» **To do**:
What you return should match the entries below exactly, only without the images.

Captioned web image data
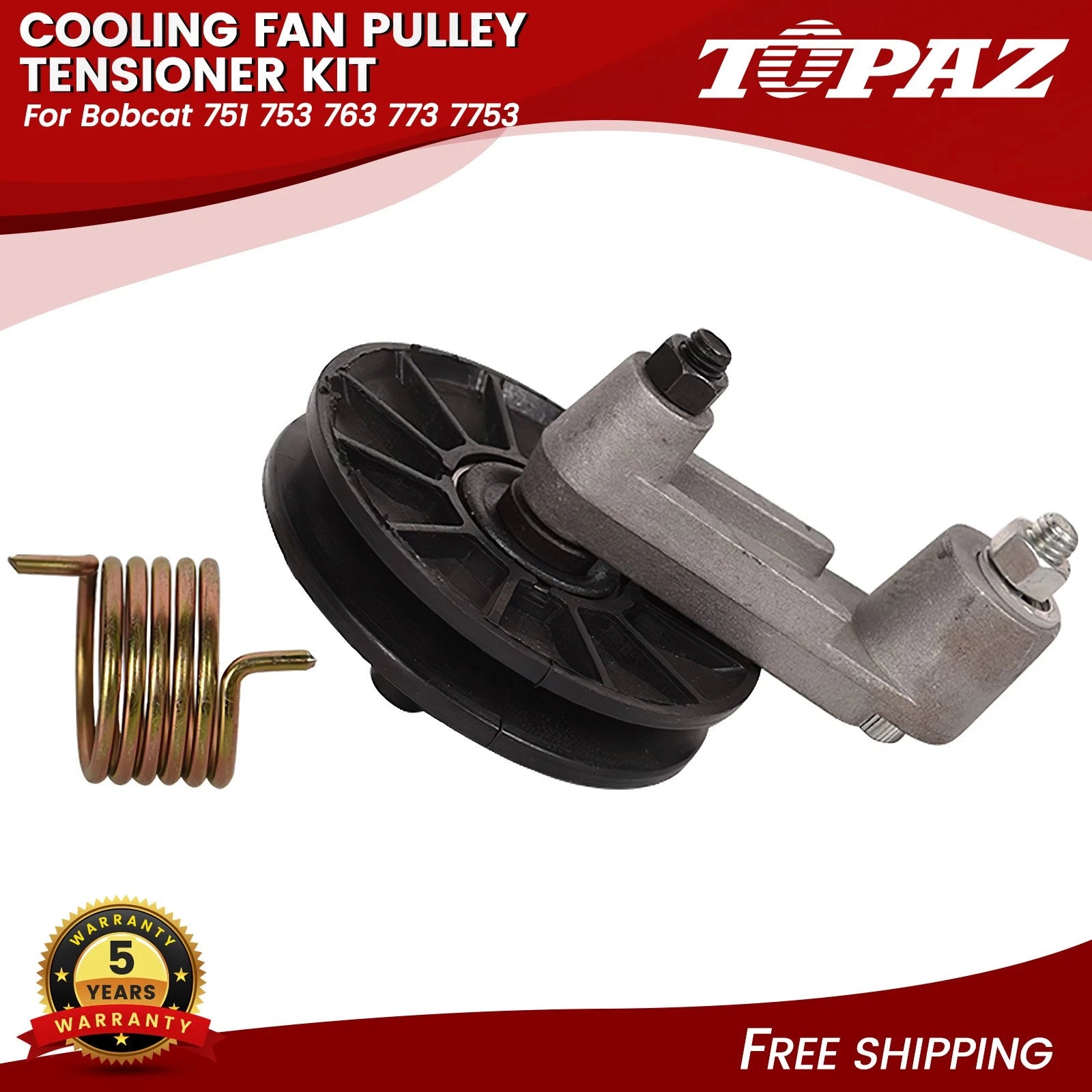 Cooling Fan Pulley Tensioner Kit for Bobcat 751 753 763 773 7753 (1990–2000)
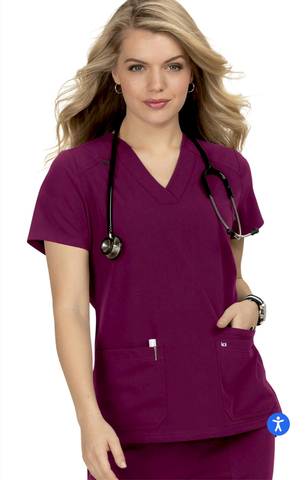 KD110 Women's Short Sleeve Drawstring Jumpsuit Scrubs-8204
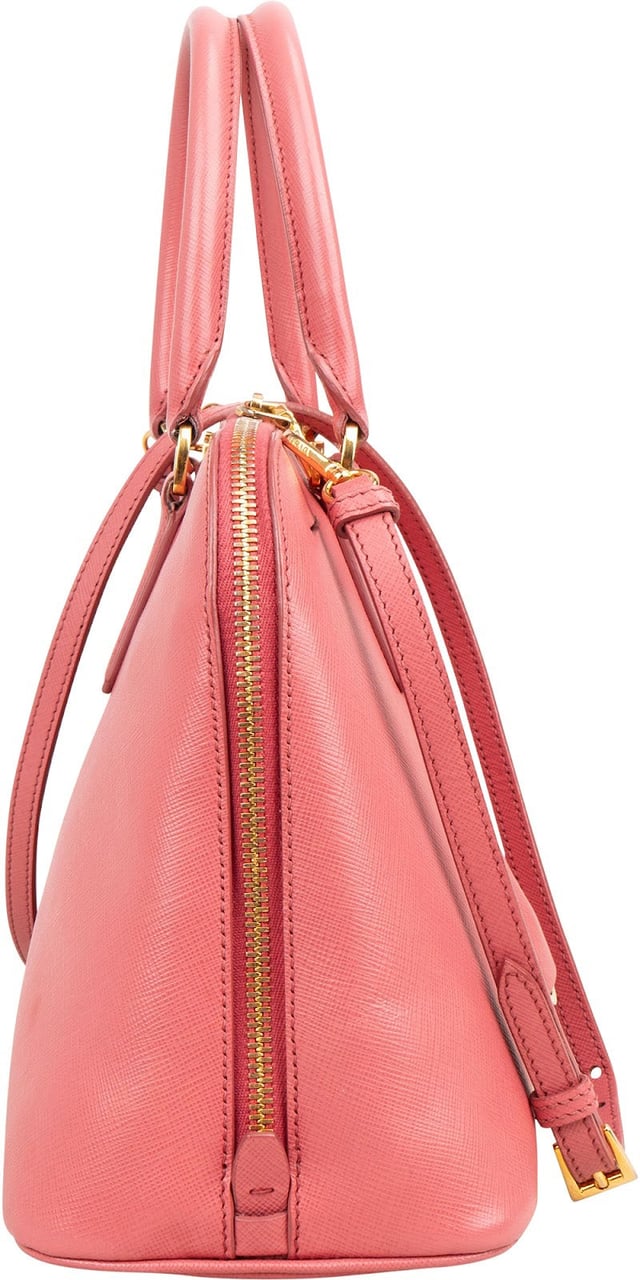 Prada Pink Saffiano Leather Promenade Handbag Rood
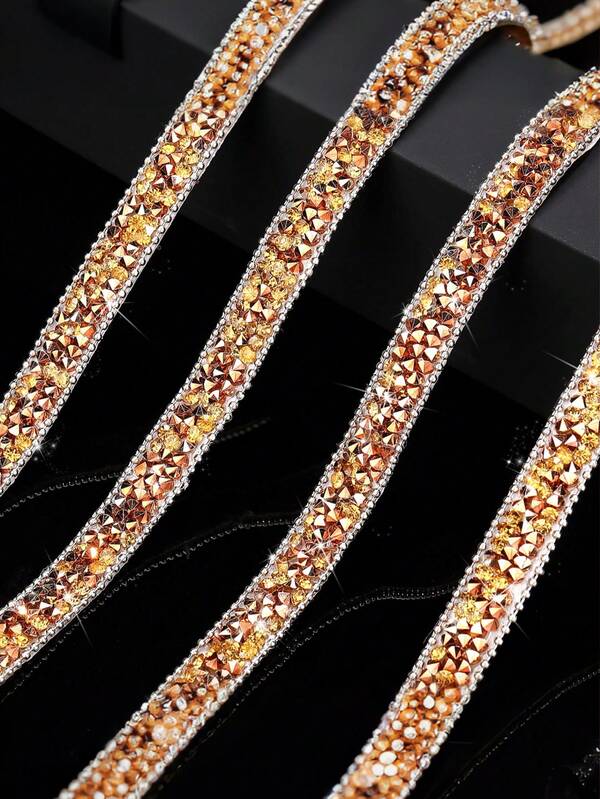 2 Rolls Gold Resin Rhinestone Ribbon, Suitable For Wedding, Self-Adhesive Diamond Crystal Ribbon Rolls, Glitter Resin Diamond Belt, Can Be Used For DIY Crafts, Bags, Shoes, Clothes, Valentine's Day Gift Wrapping, New Year Gift Wrapping, DIY Packaging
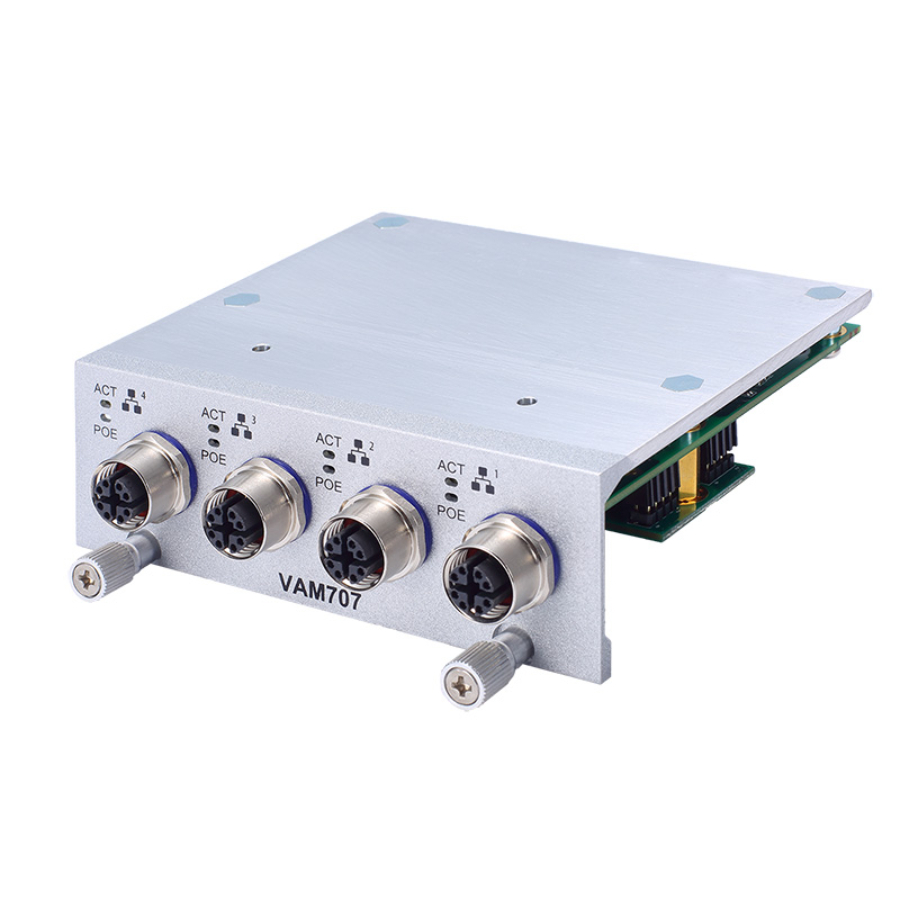 VAM707 4x M12 X-coded Gigabit PoE/PoE+ tBOX Expansion Module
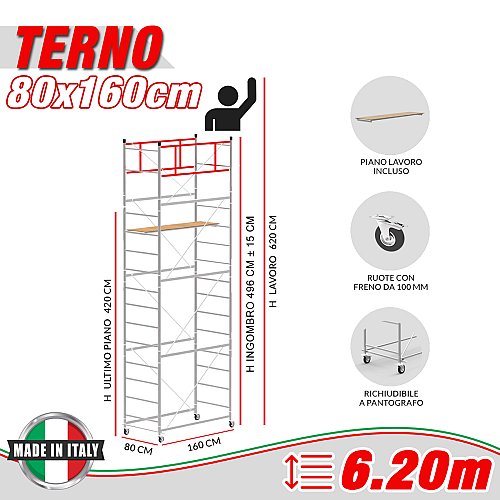 Trabattello Terno-1 altezza lavoro 6,20 metri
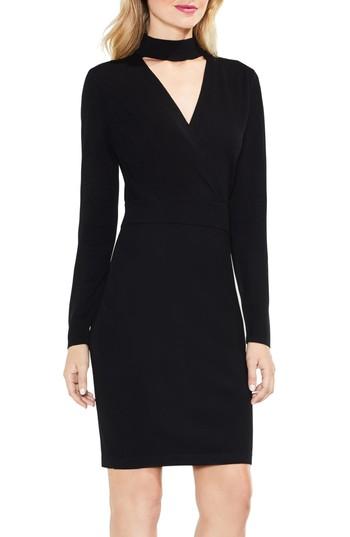 Women's Vince Camuto Mock Choker Neck Faux Wrap Dress, Size - Black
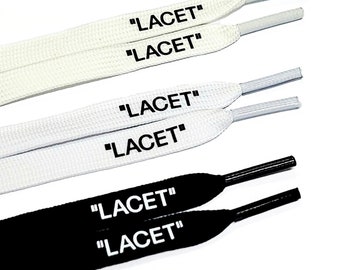 Cordones planos "LACET" para Air AF-1 Force 1 Jordan en blanco natural/blanco/negro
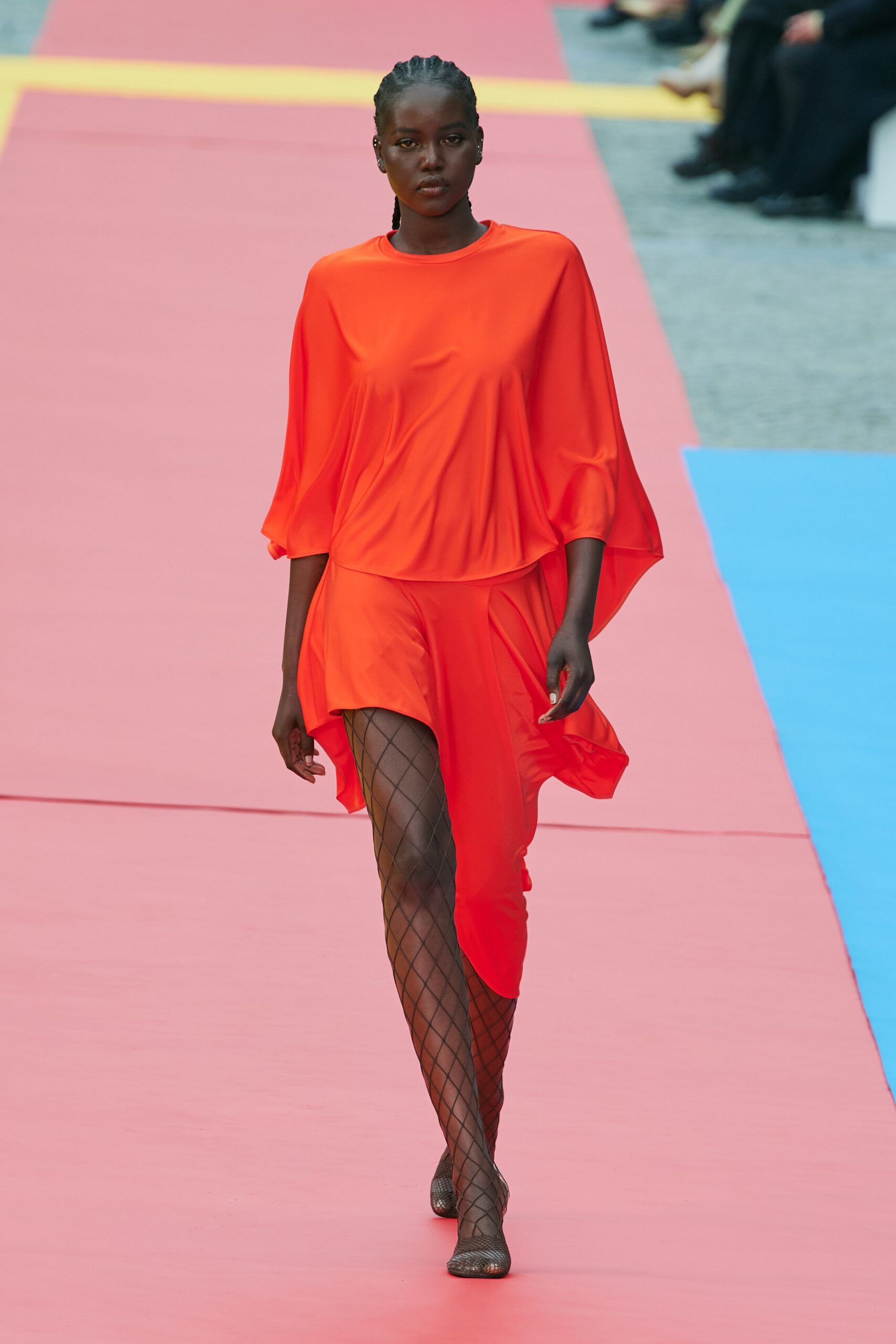 orange silk sleeveless asymmetric relaxed draped midi dress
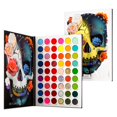 thumbnail image 1 of Paleta de maquillaje Aflano La Catrina, paleta de sombras de ojos colorida, 54 colores, sombra de ojos grande de arcoíris, altamente pigmentada, brillante, neón, aurora, color brillante para mujeres,, 1 of 2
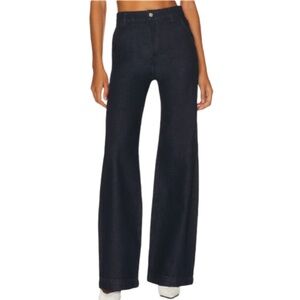 GRLFRND The Camille HIGH RISE FLARED TROUSER JEAN- Dark Blue - 25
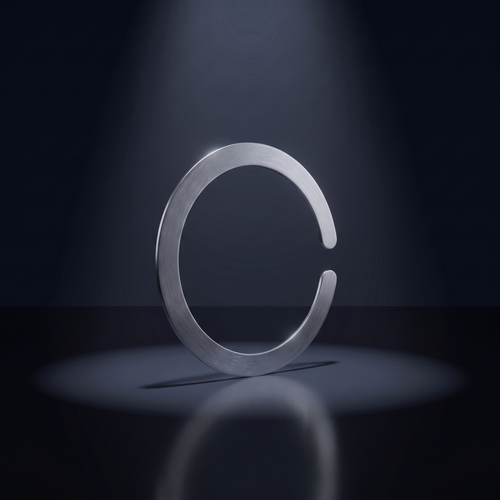 Magnetik magnetic ring in silver under a spotlight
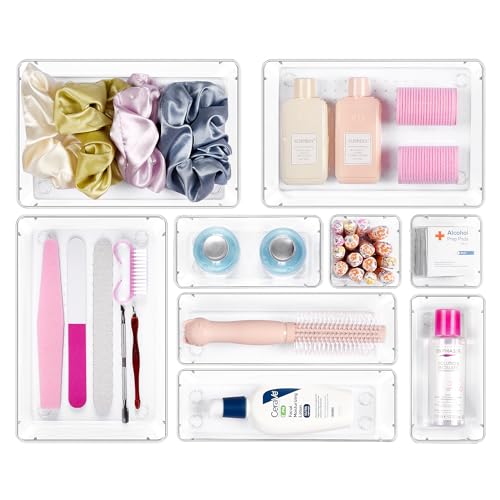 PLL 25 PCS Clear Plastic Drawer Organizers Set, 4-Size Versatile Bathroom and Vanity Drawer Organizer Trays, Storage Bins for Makeup Boxes
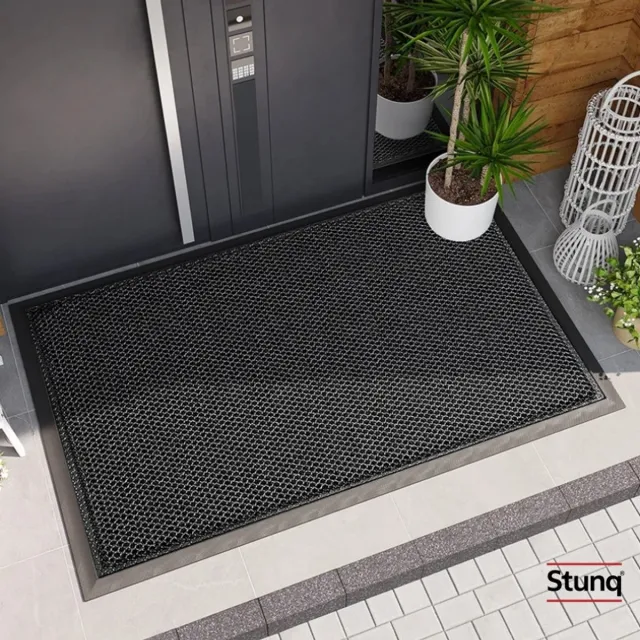 Stunq Antislip rubberen deurmat met gaasstructuur - Waterbestendig - Voor binnen en buiten Zwart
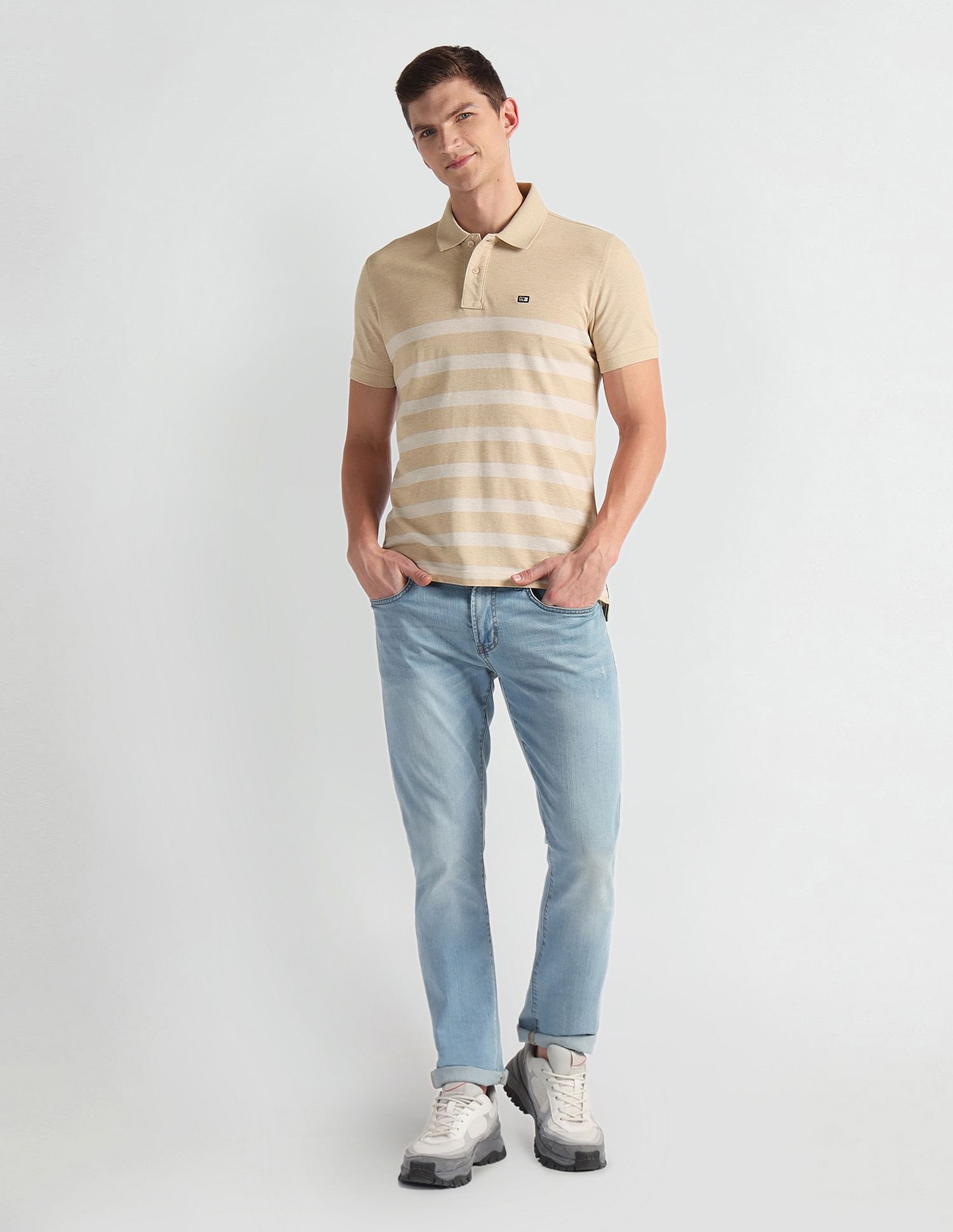 Arrow Sports Horizontal Stripe Pique Knit Polo Shirt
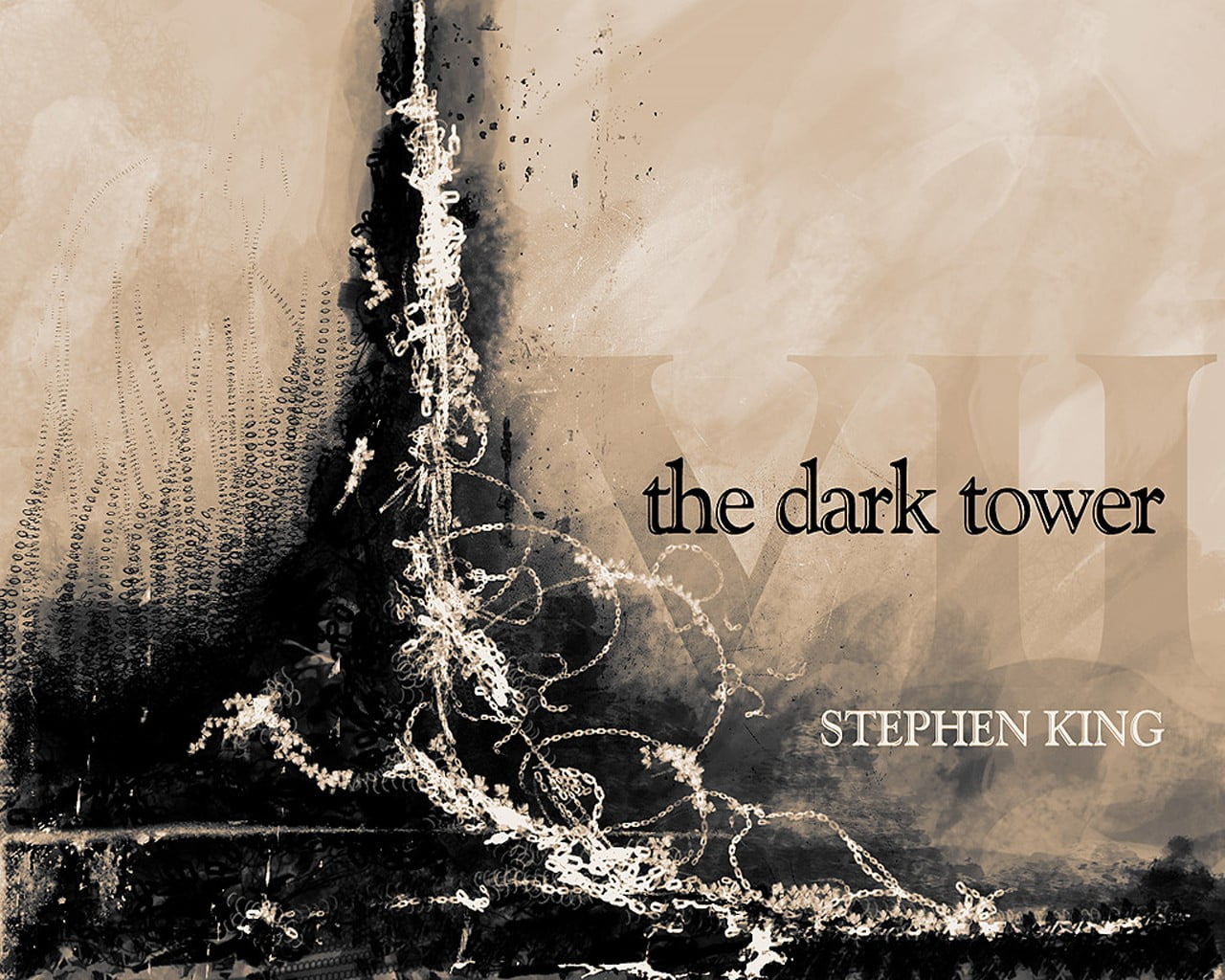 Black And White Floral Textile, The Dark Tower, Stephen - Dark Tower Fan Art , HD Wallpaper & Backgrounds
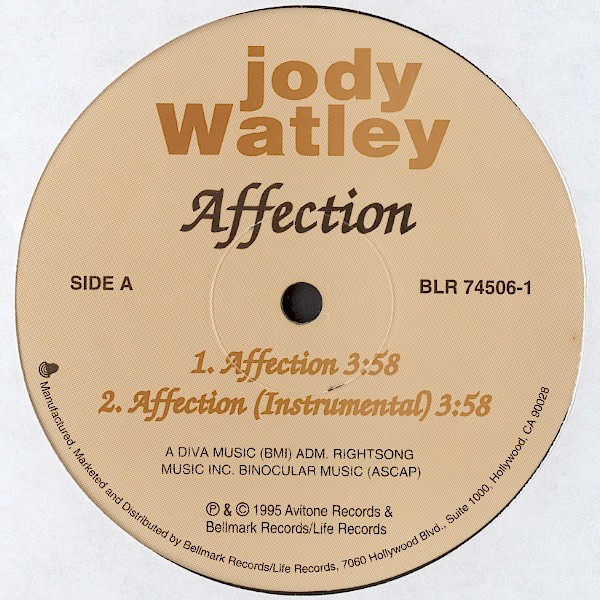 Jody Watley - Affection (Vocal Mix / Instrumental) 12" Vinyl Record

» **Written solution**:
 Cooling Fan Pulley Tensioner Kit for Bobcat 751 753 763 773 7753 (1990–2000)
 KD110 Women's Short Sleeve Drawstring Jumpsuit Scrubs-8204
 Prada Pink Saffiano Leather Promenade Handbag Rood
 2 Rolls Gold Resin Rhinestone Ribbon, Suitable For Wedding, Self-Adhesive Diamond Crystal Ribbon Rolls, Glitter Resin Diamond Belt, Can Be Used For DIY Crafts, Bags, Shoes, Clothes, Valentine's Day Gift Wrapping, New Year Gift Wrapping, DIY Packaging
 VAM707 4x M12 X-coded Gigabit PoE/PoE+ tBOX Expansion Module
 Trabattello Terno-1 altezza lavoro 6,20 metri
 Women's Vince Camuto Mock Choker Neck Faux Wrap Dress, Size - Black
 Cordones planos "LACET" para Air AF-1 Force 1 Jordan en blanco natural/blanco/negro
 orange silk sleeveless asymmetric relaxed draped midi dress
 thumbnail image 1 of Paleta de maquillaje Aflano La Catrina, paleta de sombras de ojos colorida, 54 colores, sombra de ojos grande de arcoíris, altamente pigmentada, brillante, neón, aurora, color brillante para mujeres,, 1 of 2
 GRLFRND The Camille HIGH RISE FLARED TROUSER JEAN- Dark Blue - 25
 Magnetik magnetic ring in silver under a spotlight
 PLL 25 PCS Clear Plastic Drawer Organizers Set, 4-Size Versatile Bathroom and Vanity Drawer Organizer Trays, Storage Bins for Makeup Boxes
 Stunq Antislip rubberen deurmat met gaasstructuur - Waterbestendig - Voor binnen en buiten Zwart
 Arrow Sports Horizontal Stripe Pique Knit Polo Shirt
 Black And White Floral Textile, The Dark Tower, Stephen - Dark Tower Fan Art , HD Wallpaper & Backgrounds
 Jody Watley - Affection (Vocal Mix / Instrumental) 12" Vinyl Record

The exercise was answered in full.